Bentham, Jeremy (1748–1832)

Jeremy Bentham was undoubtedly one of the most important and influential figures in the development of modern social science. His numerous writings are major contributions to the development of philosophy, law, government, economics, social administration and public policy, and many have become classic texts in these fields. To these subjects he brought an analytical precision and careful attention to detail which, especially in matters of legal organization and jurisprudence, had not been attempted since Aristotle, and he transformed in method and substance the way these subjects were conceived. He combined a critical rationalism and empiricism with a vision of reform and, latterly, radical reform, which gave unity and direction to what became Philosophic Radicalism. Although he was not the first philosopher to use the greatest happiness principle as the standard of right and wrong, he is rightly remembered as the founder of modern utilitarianism. Many of Bentham’s writings were never published in his lifetime or were completed by various editors. The new edition of the Collected Works (1968-in progress) will replace in approximately sixty-five volumes the inadequate Works of Jeremy Bentham (1838–43), edited by John Bowring, and will reveal for the first time the full extent and scope of Bentham’s work.

Bentham is best known for some of his earliest writings. An Introduction to the Principles of Morals and Legislation (printed in 1780 and published in 1789) and Of Laws in General (not published until 1945) are important texts in legal philosophy and, together with his critique of William Blackstone’s Commentaries on the Laws of England in the Comment on the Commentaries (published first in 1928) and A Fragment on Government (1776), represent major landmarks in the development of jurisprudence. The Introduction to the Principles of Morals and Legislation was also intended to serve as an introduction to a penal code, which was an important part of a lifelong ambition, never fully realized, of constructing a complete code of laws (latterly called the Pannomion). At this time Bentham also turned to economic questions which were to occupy him in various forms throughout his life. His first publication was the Defence of Usury (1787), a critique of Adam Smith’s treatment of this subject in The Wealth of Nations.
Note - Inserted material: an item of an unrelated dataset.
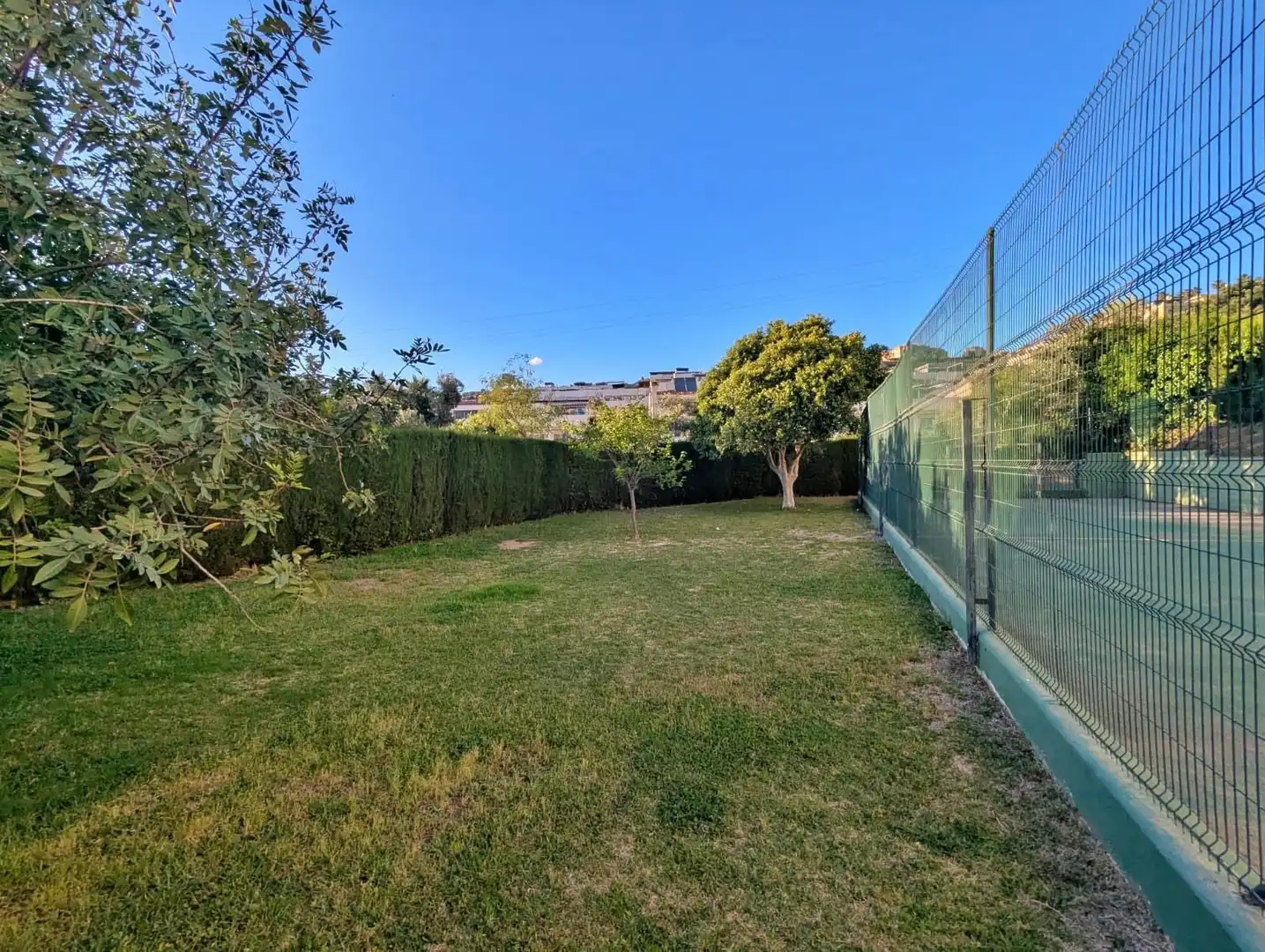 Jardín de Piso en venta en Rincón de la Victoria con Aire acondicionado, Terraza y Piscina comunitaria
From the outset of his career, Bentham was devoted to reform and especially to the reform of legal institutions. His attitude towards fundamental political reform developed more slowly. Although at the time of the French Revolution he was not part of the radical movement in England, he wrote numerous manuscripts in support of democratic institutions in France. He eventually reacted strongly against the excesses of the revolution, but earlier contacts, largely developed through Lord Lansdowne, and the publication of his Draught of a New Plan for the Organisation of the Judicial Establishment of France, led to his being made an honorary citizen of France. One important development of this period was his friendship with Etienne Dumont, the Swiss reformer and scholar, whose French versions of Bentham’s works, especially the Traités de législation, civile et pénale (1802), were read throughout Europe and Latin America and earned for Bentham a considerable international reputation. Following the French Revolution much of Bentham’s practical energies were devoted, in conjunction with his brother Samuel, to establishing model prisons, called Panopticons, in various countries.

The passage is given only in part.